Après son décès en revanche, Chassagne est largement oublié, du moins dans son pays, c’est cette injustice que nous réparons aujourd’hui.
Cet oubli a sûrement été facilité par le fait qu’il n’a pas eu de descendants directs.
Il n’est donc pas très étonnant qu’il ait été honoré dans l’espace public d’abord au Royaume-Uni : à Crewe, où se trouvaient le siège social et le lieu de fabrication de Bentley, un « Chassagne Square », sur « Rolls Avenue », a été ainsi nommé pour lui rendre hommage.
La rédaction d’un premier article de fond en français depuis sa mort ne fut publiée qu’en mai/juin 1971.
C’est à cette époque que R.Jarraud conçut, et posa sur sa tombe un médaillon de bronze à son effigie, qui l’immortalise en pilote. Que le conseil municipal vient de rééditer en porte-clé en souvenir de cette journée d’aujourd’hui qui lui est dédiée.
La suite se fit par relations. R.Jarraud parvint à faire nommer une rue de Limoges du nom de Jean Chassagne : ceux qui l’empruntent peuvent s’apercevoir qu’elle convient particulièrement bien à un pilote qui s’est illustré dans des courses de côte !!!
Et ici à La Croisille, on prit conscience de la valeur de cet enfant du pays qu’assez récemment en donnant son nom au stade municipal, puis ces dernières années par un certain nombre de publications dans le bulletin de la commune.
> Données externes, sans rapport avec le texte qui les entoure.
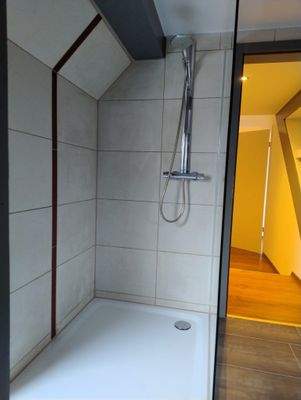 Badezimmer 3 obere Etage.jpg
C’est cette injustice que La Croisille répare aujourd’hui avec cette grande journée d’hommage à Jean Chassagne pour le mettre pleinement à l’honneur, lui rendre la célébrité internationale dont il bénéficiait de son vivant et lui assurer, espérons durablement, une meilleure continuité mémorielle.
Avant de conclure je tiens personnellement à remercier toutes celles et ceux qui nous ont aidés à mettre en place cette journée, mon ami le maire de Sussac Gilles Matinaud, notre directrice de l’école Laure Correia et Isabelle Bourliataud la première adjointe chargée du scolaire, Josette Jarraud et Claire, Marie-Françoise Vergnaud-Descubes, Henri Lopez, Philippe Gourinchas, Alain Bouillon et la Camaf, Jean-Yves Raineix, Philippe Sarre, Alain Thevenin, Pierre Bernis, Yves Claval et la FFVE, Daniel Aupetit et les Présidents de clubs autos du Limousin et leurs adhérents, Sylvie Lartisien et l’association « Cœur de Briance » et ses bénévoles, Pierre Duchez pour ses cartes postales, Lucien Franchet, Bernard Boussely et notre service technique et évidemment notre adjointe à la culture et aux animations Marie-Laure Bouthier grande cheffe de cette animation.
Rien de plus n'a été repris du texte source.